Mortarion favored the strong and was attached to horus (he only really followed chaos because horus did) because he saw him as the strongest. Perturabo was a highly intelligent individual but i believe resented the fact that he and his legion got type caste into being siege specialists since he was really a a good strategist all around not just at sieges. as i recall Perturabo hated Rogal Dorn because dorn would bost that not even Perturabo could penetrate his defenses of the imperial palace.


----------



## Bloody Mary (Nov 6, 2009)

ironhammer said:


> Mortarion favored the strong and was attached to horus (he only really followed chaos because horus did) because he saw him as the strongest. Perturabo was a highly intelligent individual but i believe resented the fact that he and his legion got type caste into being siege specialists since he was really a a good strategist all around not just at sieges. as i recall Perturabo hated Rogal Dorn because dorn would bost that not even Perturabo could penetrate his defenses of the imperial palace.


Actually, Perturabo *asked* Rogal Dorn, who he thought would win and Rogal Dorn being his honest, tactless self said he'd win.


----------



## Child-of-the-Emperor (Feb 22, 2009)

ironhammer said:


> Mortarion favored the strong and was attached to horus (he only really followed chaos because horus did) because he saw him as the strongest.

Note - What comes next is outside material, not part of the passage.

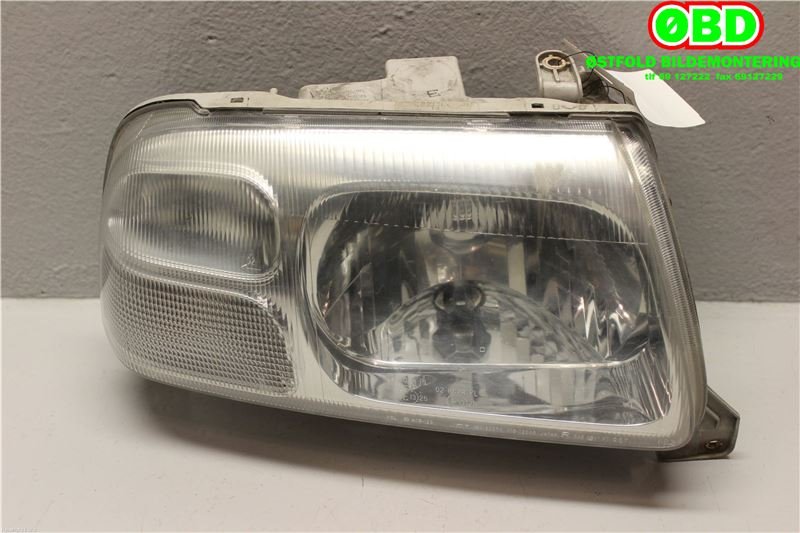 Frontlykt høyre halogen til Suzuki Grand Vitara 1998-2005 (Type II) (SUZUKI|)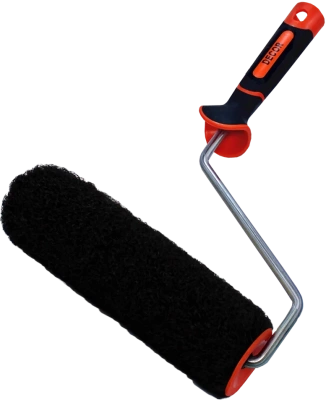 Валик для нанесения шпатлёвки d50 мм бюгель 8 мм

Thats a bit of an over-simplification. Mortarion is probably one of the most puzzling Traitor Primarchs in the context of why they rebelled. But generally the reasons are usually portrayed as:

1) Typhon corrupting/persuading him.
2a) His hatred of Tyrants, and his possible belief that the Emperor was becoming a Tyrant.
And/Or
2b) Felt a jealous Hatred towards the Emperor, as it was the Emperor rather than he that slew the Tyrant of Barbarus.
3) His friendship with Horus was used as a leverage.
4) His admiration for the mighty, Horus promised him a future where the mighty ruled (similar to the reason you gave).

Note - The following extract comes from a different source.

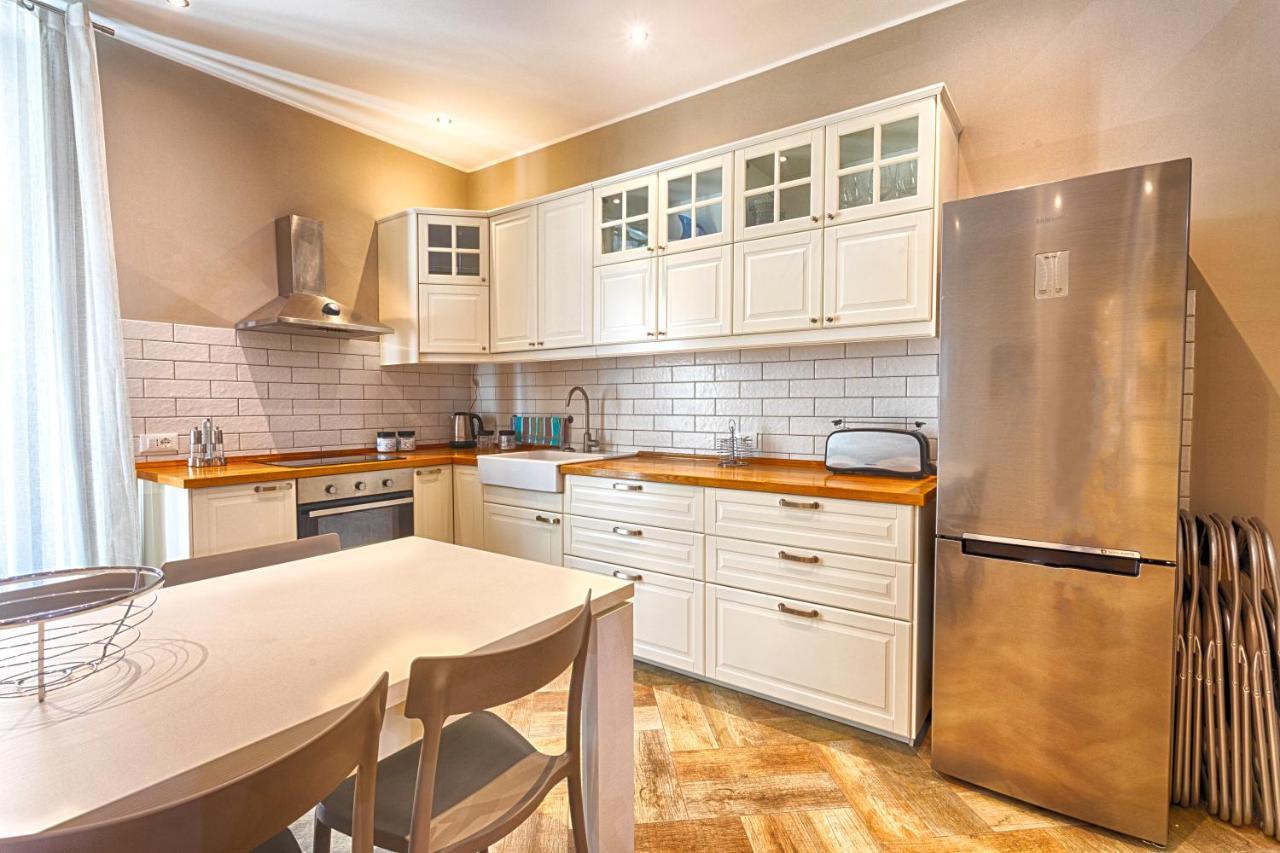 La Finestra Sul Porto Apartment Трапани Екстериор снимка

There the ones I can think of currently anyway.



ironhammer said:


> Perturabo was a highly intelligent individual but i believe resented the fact that he and his legion got type caste into being siege specialists since he was really a a good strategist all around not just at sieges. as i recall Perturabo hated Rogal Dorn because dorn would bost that not even Perturabo could penetrate his defenses of the imperial palace.


Not sure about that. Perturabo has always been noted as a siege specialist, not as a general all-round tactician. 

His legion was slowly being splintered as they were constantly being used to garrison semi-compliant worlds. The Iron Warriors were thrown into the most violent, hard and vicious wars throughout the Great Crusade and recieved next to no recognition for their efforts. Perturabo is said to have privatley resented both the splitting of his legion and his legions use in the most 'sticky' situations even though he never publically complained against it.

Rogal Dorn and his Imperial Fists were also noted as Siege-Specialists thus began a rivalry between the two legions. Its pretty clear cut that the Emperor favoured Dorn and his legion over Perturabo and the Iron Warriors, which resulted in Perturabo's jealously slowly eating away at him. When Dorn was re-called from the Crusade to fortify the Imperial Palace it acted as the 'final straw' and Perturabo was distraught. This coupled with Horus gifting him Forgebreaker (which was possibley corrupted), and the massacre of Olympia pushed him over the edge.


----------



## ironhammer (Aug 14, 2008)

to child-of-the-emperor, i purposefully oversimplified mortarion's motives a little because i felt the person hosting the thread wanted a simple answer. but what you said is true about mortarion his motives are rather complicated, which only helps to make his current state that much more of a tragic irony, and why i am so fascinated by his character.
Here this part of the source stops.